= Otabek Sattoriy =

Uzbekistani journalist

Otabek Sattoriy is an independent blogger and journalist from Uzbekistan. He was arrested on January 29, 2021, on charges of extortion and libel and was sentenced to six years and six months in prison. However, these charges likely resulted from Sattoriy's coverage of government corruption during the 2020-1 gas shortage.

== Background ==
Following the death of Islam Karimov in 2016, restrictions placed on the media in Uzbekistan loosened somewhat. As a result, many independent bloggers and journalists started posting on different social media platforms, such as Telegram.

Sattoriy ran a blog called Halq Fikiri (People's Opinion), on which he often covered alleged corruption by local officials.

== Arrest and trial ==
In December 2020, Sattoriy was confronted while filming a story about high prices at a market by a man who, “tried to prevent him from filming, forcefully taking his phone and then returning it broken.” When “the man gave Sattoriy a replacement, police detained the blogger and accused him of extorting the man to get the phone.” His lawyer described the charges as “fabricated.”

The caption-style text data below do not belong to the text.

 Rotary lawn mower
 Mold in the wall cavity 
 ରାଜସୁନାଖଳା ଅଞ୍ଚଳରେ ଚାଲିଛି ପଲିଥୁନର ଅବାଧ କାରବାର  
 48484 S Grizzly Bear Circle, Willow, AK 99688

On July 15, 2021, an appeals court ruled against Sattoriy and upheld the charges.

On April 5, 2022, the Supreme Court upheld the sentence and charges.

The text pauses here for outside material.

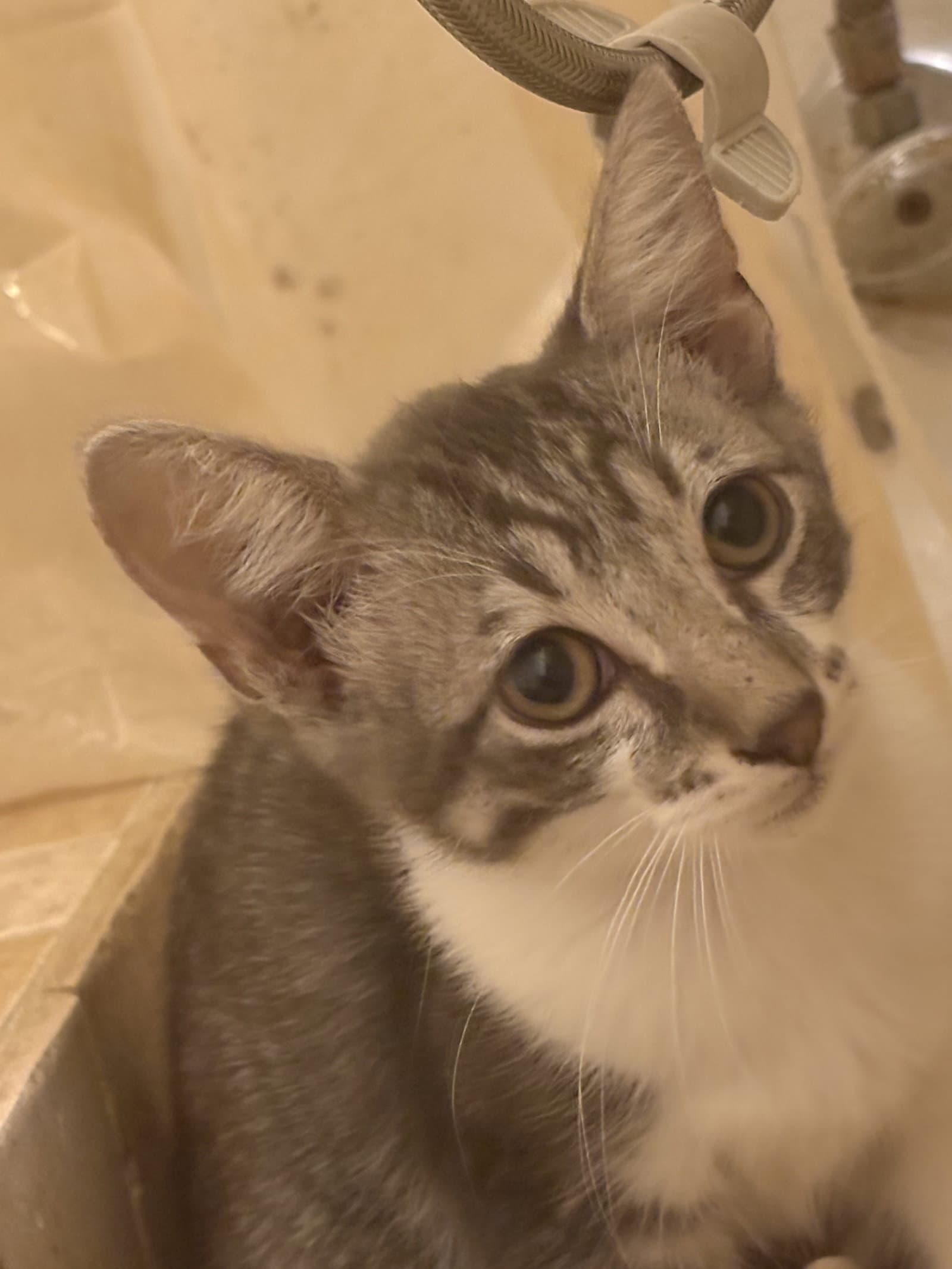 Elmo - Domestic Short Hair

== International response ==
The Committee to Protect Journalists wrote, “Uzbekistan authorities should immediately release journalist Otabek Sattoriy, not contest his appeal, and allow all journalists to work freely and without fear of reprisal,” in response to his arrest.

The US-based NGO Freedom Now filed a petition on the case to the United Nations Working Group on Arbitrary Detention.